Oliver Daniels-Koch comments on Benchmarks for Detecting Measurement Tampering [Redwood Research]

Oliver Daniels-Koch 22 Apr 2024 1:47 UTC
LW: 3 AF: 2
0
AF
did the paper report accuracy of the pure prediction model (on the pure prediction task)? (trying to replicate and want a sanity check).
- Fabien Roger 22 Apr 2024 13:05 UTC
  LW: 3 AF: 1
  0
  AF Parent
  I think this is what you are looking for
  - Oliver Daniels-Koch 1 May 2024 18:12 UTC
    1 point
    0
    AF Parent
    is individual measurement prediction AUROC a) or b)
    a) mean(AUROC(sensor_i_pred, sensor_i))
    b) AUROC(all(sensor_preds), all(sensors))
    - Fabien Roger 2 May 2024 15:01 UTC
      LW: 2 AF: 1
      0
      AF Parent
      We compute AUROC(all(sensor_preds), all(sensors)).
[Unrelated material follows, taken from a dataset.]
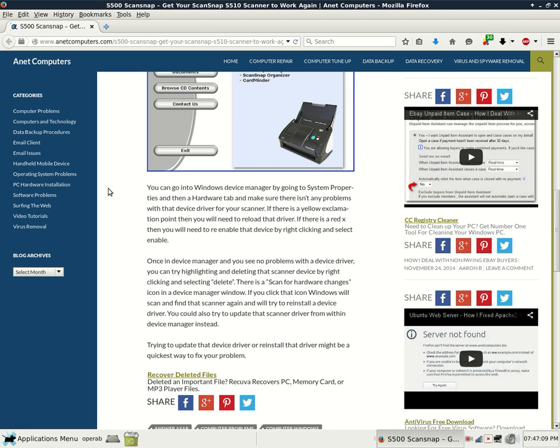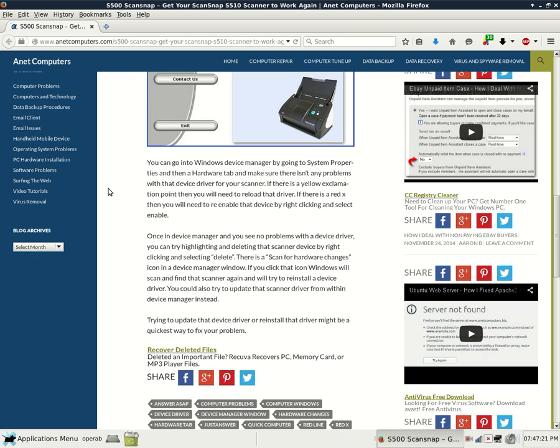Once in Device Manager and you see no problems with the device driver, you can try highlighting and deleting that scanner device by right-clicking and selecting Delete. There is a Scan for Hardware Changes icon in a Device Manager window. If you click that icon, Windows will scan and find that scanner again and will try to reinstall a device driver. You could also try to update that scanner driver from within Device Manager instead.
This is somewhat weird, and it would have been slightly better to do a) (thanks for pointing it out!), but I think the numbers for both should be close since we balance classes (for most settings, if I recall correctly) and the estimates are calibrated (since they are trained in-distribution, there is no generalization question here), so it doesn’t matter much.
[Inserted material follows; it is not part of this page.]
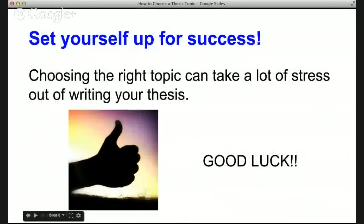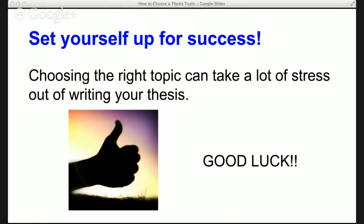So you've spoken with the supervisor, you've spoken with your colleagues, and you can make an informed decision on what you're going to write about. Choosing the right topic for your thesis can really set you up for success because it can take a lot of stress out of writing your thesis. I wish you good luck with choosing your thesis topic. If you have any questions or comments, or if you've already done a project or a thesis and you have some advice on how best to choose a thesis topic, put them in the comment section below.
      The relevant pieces of code can be found by searching for “sensor auroc”:
      cat_positives = torch.cat([one_data[“sensor_logits”][:, i][one_data[“passes”][:, i]] for i in range(nb_sensors)]) cat_negatives = torch.cat([one_data[“sensor_logits”][:, i][~one_data[“passes”][:, i]] for i in range(nb_sensors)]) m, s = compute_boostrapped_auroc(cat_positives, cat_negatives) print(f”sensor auroc pn {m:.3f}±{s:.3f}”)
      - Oliver Daniels-Koch 2 May 2024 20:41 UTC
        1 point
        0
        AF Parent
        oh I see, by all(sensor_preds) I meant sum([logit_i] for i in n_sensors) (the probability that all sensors are activated). Makes sense, thanks!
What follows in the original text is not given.